HOW THE DOCTRINES OF SIN AND DIVINE MERCY DEHUMANISE AND DEGRADE

Most of us today worry if we are told that we have to be religious to be fully human.  Those who say that usually have a particular religion in mind.  The broader-minded may have Muslims, Jews and Christians in mind for at least they believe in feeding the poor and worshipping a God who is bigger than anything we can imagine.  The Hindus who think that the poor should be ignored for they have bad karma to get through are definitely excluded.

The view that follows is more popular. It is that God designs humans for they are meant to be brave, kind, compassionate and fair is degrading though it does not look it. It calls the person who falls far short of these things less than human. It defines a person not as what they are but as what they ought to be in the eyes of some religion or God or Jesus.

Religion might say it considers all people human? Really? What if you had to throw a bomb to the left or the right and you had a virtuous person on one side and a shameless "sinner" on the other? You would be dehumanising the sinner where it counts most, not in theory but in practice.  You cannot pretend to hate the sin and love the sinner then as if the sinner should be seen apart from the sin, and as a person.

Religion lying about all this dehumanises everybody. Period. It treats us as fools not as persons.

Religion cleverly accuses anyone who is not bothered about God, especially atheists, of being dehumanised and opening the door to further forms of degradation.  It says that without God a vacuum is made in which monstrous things like murderous hate, Stalinism, you name it, can appear and often do appear.  Unpack that.

It can only mean that making that gap is wrong for you know some will respond by filling it with evil.  Yet it might not have to. 

To repress a need for God would be wrong if the need is real and can only be coped with by some delusion or by simply turning to God.

If there is a God who made us for himself then they are saying that if you are not for God then you will have something that is not good like he is in his place.

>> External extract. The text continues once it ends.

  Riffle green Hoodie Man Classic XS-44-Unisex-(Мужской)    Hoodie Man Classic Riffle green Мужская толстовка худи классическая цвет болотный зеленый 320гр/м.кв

This is an attempt to be bad to him for he is denied his place.

To rephrase, commonsense would say that if you reject God as he is, you can still replace it with a similar model, a fantasy friend that inspires you.  Religion will say this is still evil for it is putting an image of God over God and is a lie.  So near enough is itself evil.  Those who think that belief in God can make you a better person will not object to this deception as long as the person remains neighbourly and exhibits good qualities.

So let us talk about evil in a more natural way and ask if a gap could make us dangerous?  A person who cares about humanity does not care if God is lied about in the way we have seen but cares if more rabid clearly harmful evil will emerge.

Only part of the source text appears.